Yes, we have been over this before...but I feel that the way that you explain it is extremely confusing for laypeople.
I respect your opinion that you think it is confusing, though I have given the same explanation I gave above to many clients and have not had any say it was confusing, let alone "extremely confusing." The line that some sites (and unfortunately even some tax pros) give out that a S-corporation must pay a salary is simply wrong. Sure, it's a simple, easy to understand statement, but when a simple statement is actually wrong then it should not be used. Better that someone be confused and ask for clarification than walk away with a simple but wrong answer.
 

LdiJ

Senior Member
#18
I respect your opinion that you think it is confusing, though I have given the same explanation I gave above to many clients and have not had any say it was confusing, let alone "extremely confusing." The line that some sites (and unfortunately even some tax pros) give out that a S-corporation must pay a salary is simply wrong. Sure, it's a simple, easy to understand statement, but when a simple statement is actually wrong then it should not be used. Better that someone be confused and ask for clarification than walk away with a simple but wrong answer.
A lot of them won't ask for clarification. They will just see you saying that they don't have to pay a wage and run with it. In my entire career you are the only person I have ever seen that explains it the way that you do. I perfectly understand your explanation and cannot fault it. My professor in graduate school didn't explain it the way that you do, and no speaker at any professional conference or CE has every explained it the way that you do either. It doesn't get explained that way in the annual IRS seminars either.
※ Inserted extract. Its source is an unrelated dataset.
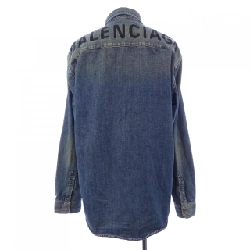 Balenciaga BALENCIAGA 583490 TEW07 Áo khoác denim - Hàng hiệu Authentic 886075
Literally everybody else says that an S-corp has to pay a reasonable wage to working shareholders...and that reasonable wage takes into consideration actual profits as well as fair market value.
 
#19
A lot of them won't ask for clarification. They will just see you saying that they don't have to pay a wage and run with it.
If that's what they do then they ignore the rest of what I tell them. That's on them. My clients so far have not made that mistake.

Literally everybody else says that an S-corp has to pay a reasonable wage to working shareholders....
No, literally everyone else does not say that. That statment of the law is wrong, and not everyone gets it wrong. I am not the only one that has stated the rule as I have, though I may be the only one you have heard say it. :p

I have quoted here before the tax court cases that set the reasonable compensation rule, and it is those cases that set the basis for my explanation of the rule. And internal IRS training that I attended or participated in explained it the same way I did, too. In an information letter issued to a taxpayer, the IRS explains it that way too:

Generally, under the rules described above, if a shareholder of an S corporation performs services for the corporation, any distribution to the shareholder, even if legally declared under state law by the S corporation as a dividend, will be characterized as “wages” subject to employment taxes where in reality the payments are for services. An S corporation cannot avoid employment taxes merely by paying the corporate shareholder “dividends” in lieu of reasonable compensation for services performed.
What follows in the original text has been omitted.